2025’in ilk dakikaları geri sayımlarla, havai fişeklerle, coşkulu kutlamalarla ve yeni yılda kendimize yapacağımıza dair verdiğimiz sözlerle umut dolu bir geceydi. Kutlamasına kutladık ama gerçekten de geçtiğimiz yıl biz kadınlar için nasıl bir yıldı? Geçmişe bakarak önümüzdeki günlerde eşitlik mücadelemizi nasıl devam ettirebiliriz diye sabah kendimi düşünürken buldum.

Ülkemizde kadın cinayetleri 2024’te tavan yaptı. Anıt sayacının verilerine göre 2024 yılında en az 429 kadın cinsiyetinden dolayı öldürüldü. 1 Ocak 2025 günü de şu ana kadar tespit edilen 1 kadın cinayeti bulunmakta. Gün geçmiyor ki bir yerde bir kız kardeşimizi erkek şiddetine kaybetmeyelim.  Farklı kadın dernekleri veriler toplasa da kaç kadının öldürüldüğünü tam olarak tespit etmek mümkün değil. Bazen doğal ölüm diyorlar, ama sonra çok da doğal olmayan yollarla bir kadının hayatının baharında katledildiği ortaya çıkıyor. Binadan düştü, intihar etti, kazara silahla oynarken kendini vurdu dedikleri vakaların biraz daha araştırılınca cinayet oldukları belli oluyor.

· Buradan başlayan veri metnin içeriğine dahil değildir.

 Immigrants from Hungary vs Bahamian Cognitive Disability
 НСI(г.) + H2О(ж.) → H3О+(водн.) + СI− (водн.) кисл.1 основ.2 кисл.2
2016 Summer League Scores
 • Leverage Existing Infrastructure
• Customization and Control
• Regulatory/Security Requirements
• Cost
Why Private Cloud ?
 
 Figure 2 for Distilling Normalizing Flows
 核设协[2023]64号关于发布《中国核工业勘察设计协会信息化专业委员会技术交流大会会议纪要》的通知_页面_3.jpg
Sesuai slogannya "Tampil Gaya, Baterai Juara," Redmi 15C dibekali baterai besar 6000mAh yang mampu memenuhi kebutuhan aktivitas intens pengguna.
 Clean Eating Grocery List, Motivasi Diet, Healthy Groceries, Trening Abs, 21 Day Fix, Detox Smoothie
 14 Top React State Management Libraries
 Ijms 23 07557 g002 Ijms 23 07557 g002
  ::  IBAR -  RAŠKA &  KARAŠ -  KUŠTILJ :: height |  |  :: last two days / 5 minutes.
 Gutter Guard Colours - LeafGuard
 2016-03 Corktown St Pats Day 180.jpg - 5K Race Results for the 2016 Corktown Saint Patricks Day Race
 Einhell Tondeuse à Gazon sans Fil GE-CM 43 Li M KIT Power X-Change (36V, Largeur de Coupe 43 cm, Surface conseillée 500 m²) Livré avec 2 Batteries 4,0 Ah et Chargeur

Kadın cinayetlerinin sayılarıyla birlikte şiddetleri de, bu cinayetlerin üzerini kapatmaya çalışanların sayısı da arttı. Küçük kız çocukları da şiddetten korunamamakta, hatta koskoca bir köy bir araya gelip savunmasız bir çocuğun ailesi tarafından öldürülmesine göz yumdu ve kanıtları gizledi. Narin’e hala ne olduğunu bilmiyoruz ama şurası kesin, yaşının küçük olması onu korumadı.

Bu şekilde verileri toplamak zor olduğu için 2024 yılına ait net bir rakam vermek de tabii ki mümkün olmuyor. Tüm bu bilgiler doğrultusunda kesin olan tek şey, bir ülkede her yıl en az 429 kadın sırf kadın olduğu için öldürülüyorsa o ülkede alarmların çalması ve acilen bu cinayetleri durduran politikaların geliştirilmesi gerekmekte. Belli ki tedbir kararları da ne kadın cinayetlerini ne kadınlara yönelik diğer şiddet türlerini durdurabilmekte, sonuç olarak adeta bir cinskırım yaşanmakta.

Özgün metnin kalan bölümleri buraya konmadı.